ABOUT THIS TASK:
What you should give back is a precise copy of the lines below from the one containing "60125 Фартук с" through the one containing "Load image into", with no pictures.

RECORDS FOR PROCESSING:
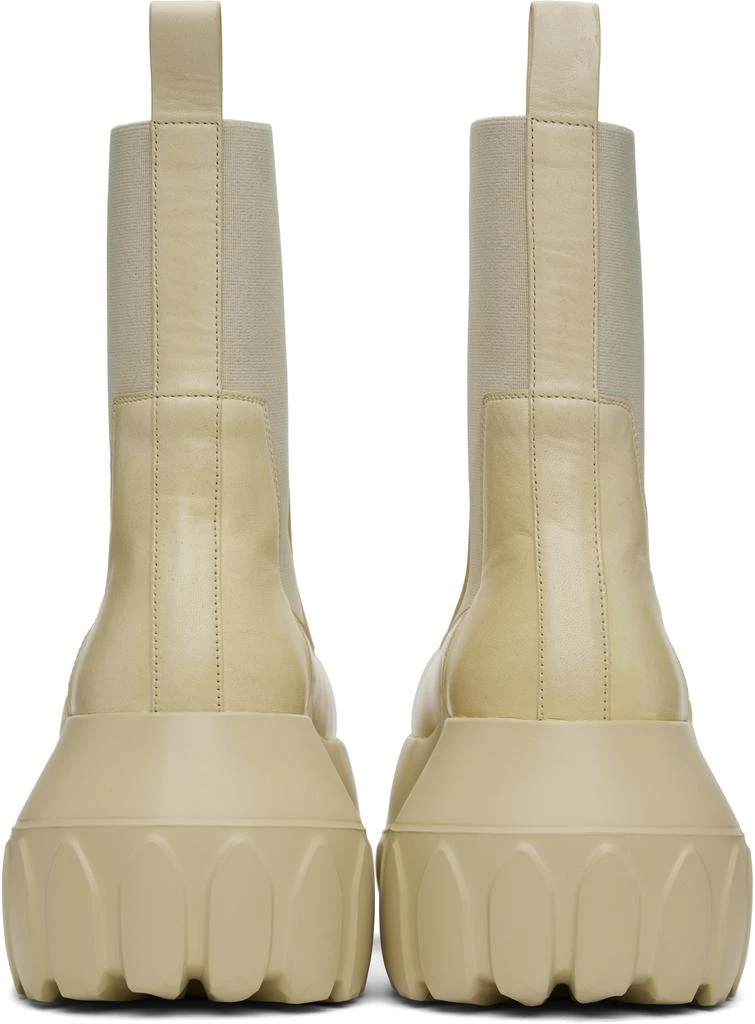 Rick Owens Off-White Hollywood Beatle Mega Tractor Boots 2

...

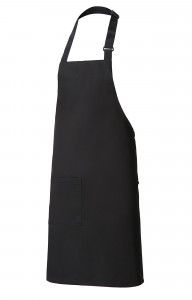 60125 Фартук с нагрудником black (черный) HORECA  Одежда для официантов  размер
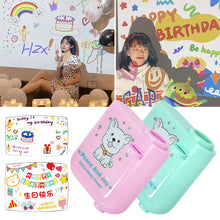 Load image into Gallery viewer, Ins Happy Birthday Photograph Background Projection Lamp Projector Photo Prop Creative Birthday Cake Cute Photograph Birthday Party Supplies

TASK OUTPUT:
 60125 Фартук с нагрудником black (черный) HORECA  Одежда для официантов  размер
 Load image into Gallery viewer, Ins Happy Birthday Photograph Background Projection Lamp Projector Photo Prop Creative Birthday Cake Cute Photograph Birthday Party Supplies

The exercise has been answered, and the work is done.